ABOUT THIS TASK – Only lines below containing the string "photo" should be counted; please give that count by itself.
== Segment start ==
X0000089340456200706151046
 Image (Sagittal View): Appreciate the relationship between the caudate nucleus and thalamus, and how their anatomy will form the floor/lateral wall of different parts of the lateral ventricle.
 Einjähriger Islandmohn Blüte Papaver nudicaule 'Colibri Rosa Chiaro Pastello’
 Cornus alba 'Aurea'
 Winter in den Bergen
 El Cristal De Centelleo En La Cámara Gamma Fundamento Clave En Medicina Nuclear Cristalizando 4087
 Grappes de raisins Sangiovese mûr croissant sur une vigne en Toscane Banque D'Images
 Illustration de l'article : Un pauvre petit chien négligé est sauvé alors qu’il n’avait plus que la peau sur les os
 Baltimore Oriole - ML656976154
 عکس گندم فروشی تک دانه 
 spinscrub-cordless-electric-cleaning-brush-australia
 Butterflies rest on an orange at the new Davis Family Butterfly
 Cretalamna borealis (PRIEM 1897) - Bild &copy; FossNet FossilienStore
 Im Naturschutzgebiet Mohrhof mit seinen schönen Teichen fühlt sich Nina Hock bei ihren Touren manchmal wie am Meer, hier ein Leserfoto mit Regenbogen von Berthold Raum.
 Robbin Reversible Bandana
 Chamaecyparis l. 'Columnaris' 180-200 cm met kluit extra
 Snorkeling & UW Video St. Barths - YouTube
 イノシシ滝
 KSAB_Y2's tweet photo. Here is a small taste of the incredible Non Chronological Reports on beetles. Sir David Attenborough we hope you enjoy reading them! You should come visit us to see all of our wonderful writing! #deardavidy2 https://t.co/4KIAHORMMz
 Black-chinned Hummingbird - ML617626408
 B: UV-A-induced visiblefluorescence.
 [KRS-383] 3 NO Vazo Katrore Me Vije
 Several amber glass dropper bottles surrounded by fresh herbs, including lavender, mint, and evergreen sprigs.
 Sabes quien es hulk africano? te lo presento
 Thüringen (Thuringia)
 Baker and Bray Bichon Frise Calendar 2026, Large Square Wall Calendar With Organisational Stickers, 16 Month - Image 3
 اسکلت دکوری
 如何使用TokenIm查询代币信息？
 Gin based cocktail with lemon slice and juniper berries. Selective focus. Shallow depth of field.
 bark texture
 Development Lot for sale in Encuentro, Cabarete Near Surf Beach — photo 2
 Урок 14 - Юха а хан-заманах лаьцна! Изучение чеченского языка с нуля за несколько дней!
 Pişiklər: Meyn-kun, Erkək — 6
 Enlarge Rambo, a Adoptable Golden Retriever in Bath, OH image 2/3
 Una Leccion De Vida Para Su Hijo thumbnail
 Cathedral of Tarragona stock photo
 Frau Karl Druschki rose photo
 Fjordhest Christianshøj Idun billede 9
== Segment end ==
THE COMPLETED TASK – 4